Wreck-it-Ralph uses the almost unlimited resources of computer game history to full effect.
Right from the off the voice of John C Reilly makes Ralph a believable character who demands your sympathy in his plight.
He is fed up of being the bad guy in the computer game Fix-it-Felix Junior and he wants to change this.
In his eyes this can only be achieved by getting a golden medal which he can show his fellow in-game characters and, in their eyes, be a hero of sorts.
In order to do this Ralph hears of another game, Hero’s Duty, from which he may be able to get a medal.
This is very risky though as although a character can die over and over in their own game, if it happens in another, that’s it, they’re gone forever.
Ralph feels he has no option but to take the risk.
In Hero’s Duty he encounters a sergeant (voiced perfectly by Jane Lynch of Glee) who, because of Ralph’s actions, becomes part of his journey.

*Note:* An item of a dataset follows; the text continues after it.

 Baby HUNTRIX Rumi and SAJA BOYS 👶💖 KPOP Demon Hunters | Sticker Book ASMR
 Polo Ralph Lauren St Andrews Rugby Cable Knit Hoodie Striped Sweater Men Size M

The majority of this fantastic adventure takes place in a third game-world called Sugar Rush, a sickly sweet car racing game that takes place in a sugar-coated environment, where a second storyline comes into play.

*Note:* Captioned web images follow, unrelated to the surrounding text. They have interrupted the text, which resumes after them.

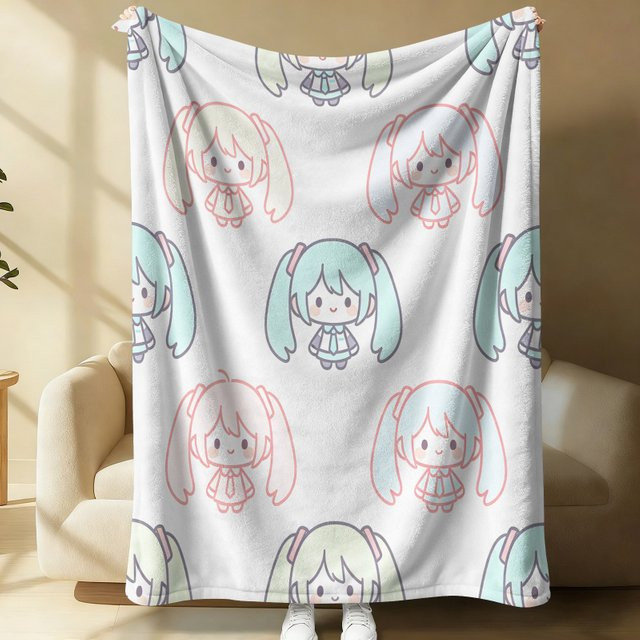 Hatsune Miku Flanellndecke mit Chibi-Druck in Multicolour - Bild 1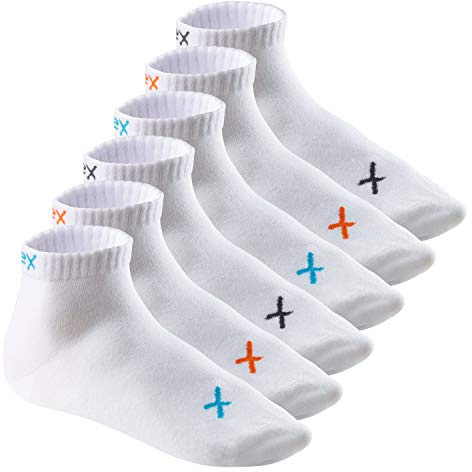 CFLEX Lifestyle Herren & Damen Kurzschaft Socken (6 Paar), Baumwoll Quarter Socken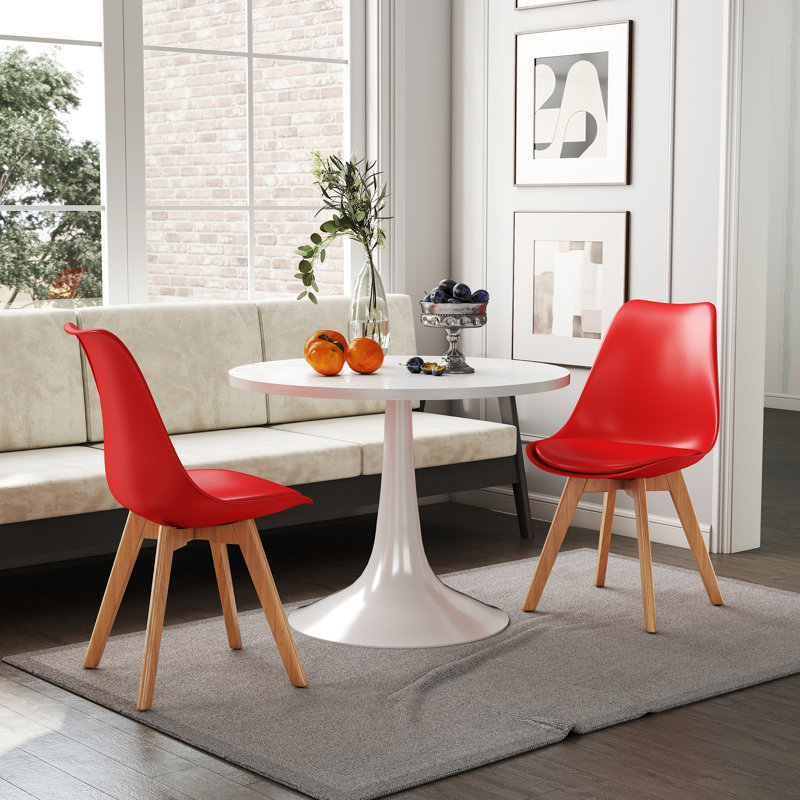 Chaise d'appoint rembourrée Pascal, Rouge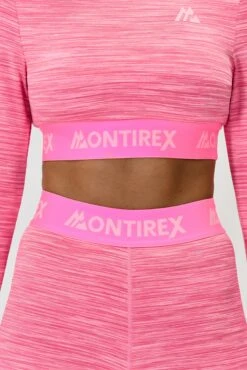 Icon Lite Long Sleeve Crop Top - Pink Multi -Montirex ICON LITE LS CROP FUCHSHIA CANDY FLOSS PINK ROSE FRAMBOISE band detail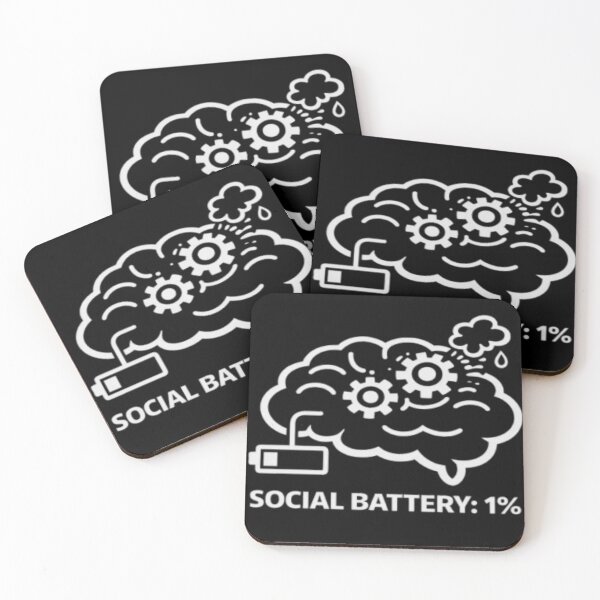 Item preview, Social Battery 1% Funny Introvert Brain Design designed and sold by MS-DesignArt.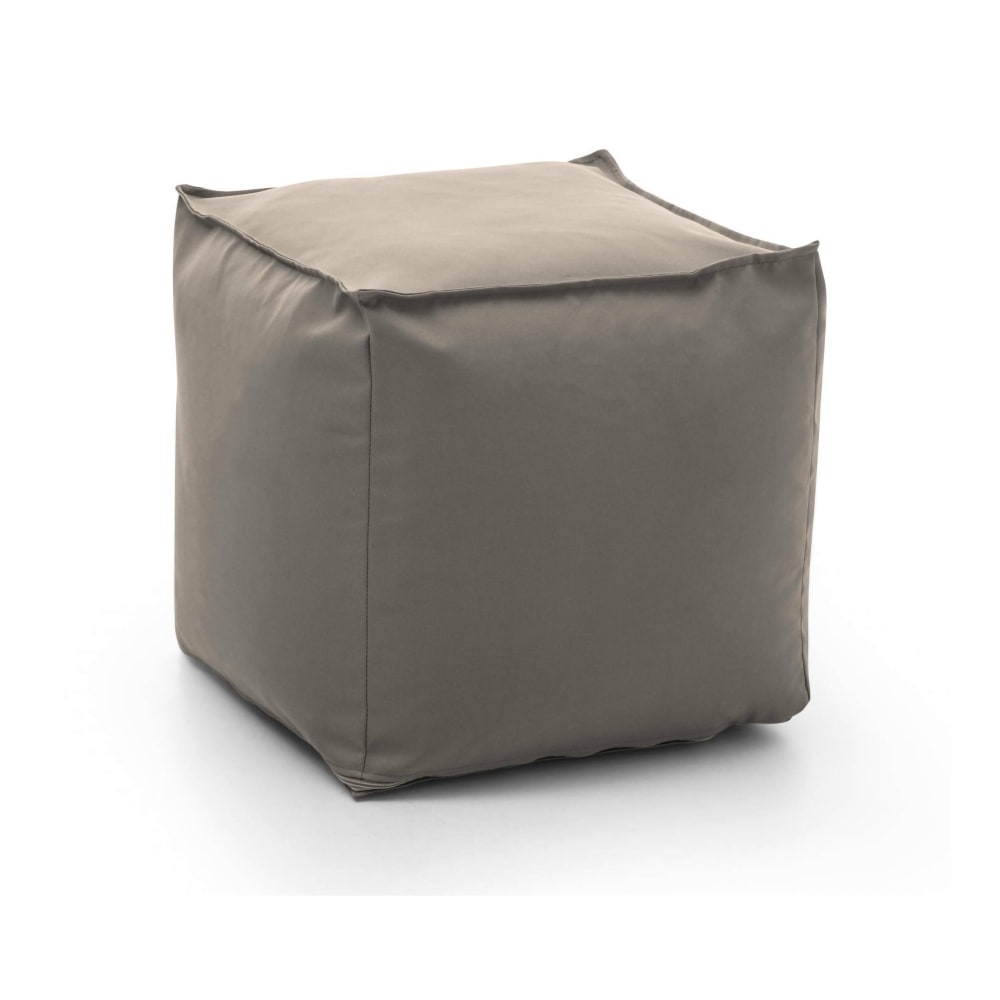 Pouf en tissu tourterelle 45x45h45 cm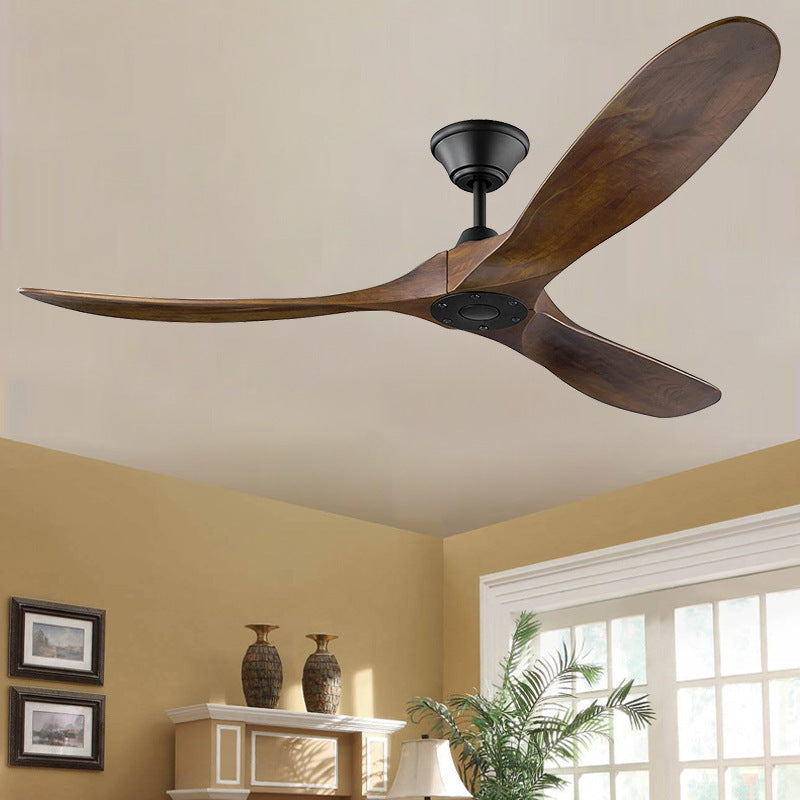 52-Inch 3-Blade Walnut Wood Ceiling Fan – Industrial No-Light Fan with Black Motor for Living Room & Patio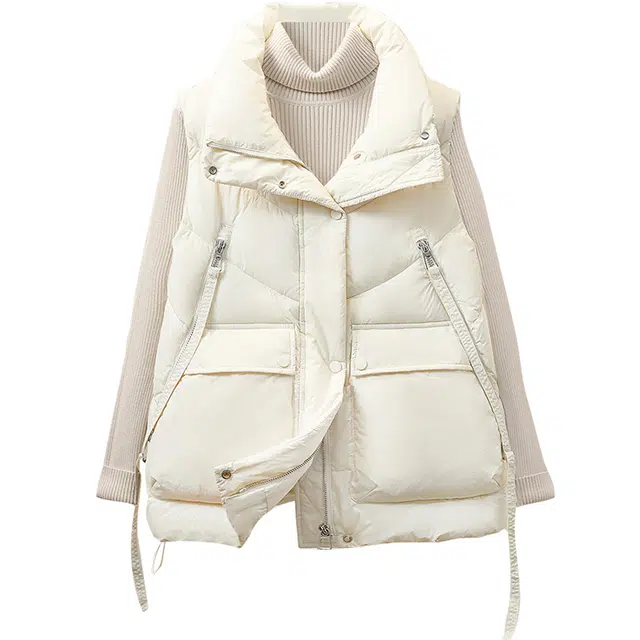 她池 立领多口袋宽松保暖马甲 女款 米白色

Revolving around a girl game character called Glitch (Sarah Silverman), this is where the film changes gear and starts to add more to an already well-presented animation.
It streaks its way across the finish line, a long way ahead of other animated movies of recent years.

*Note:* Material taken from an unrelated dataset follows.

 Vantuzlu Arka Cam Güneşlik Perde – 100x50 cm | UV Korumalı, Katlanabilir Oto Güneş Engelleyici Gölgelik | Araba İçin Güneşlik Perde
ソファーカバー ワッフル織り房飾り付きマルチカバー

Hats must be taken off to all involved with the production of this lovely film.
The casting by Jamie Sparer Roberts is superb with Jack McBrayer as Fix-it-Felix Junior added to the aforementioned list of voices.
Where the film does really well is that it was attractive to me, an older viewer, because of the nostalgia involved with 80s and 90s video game references.
It acknowledges that it isn’t just children who may enjoy this film.
Of course, that’s not the only reason; it covers the well-used tale of the character discovering his inner hero in a manner that is almost secondary to sub-stories.
Other films are too concerned with ramming the theme down your throat, but not Ralph.
I have to admit I had a strange feeling during an advert before the film about the computer game based on the film which in turn is based on a computer game!
This is a thoroughly enjoyable family film with enough nods and phrases from the old days of button-bashing arcade games for the older viewer, through to the first-person shooters and bright, colourful characters that occupy the seafront arcades of today.
I think it can consider itself in the same category as Toy Story and Shrek and I doubt very much that this will be game over for Ralph; in fact I think he has a lot of “continues” left in him yet!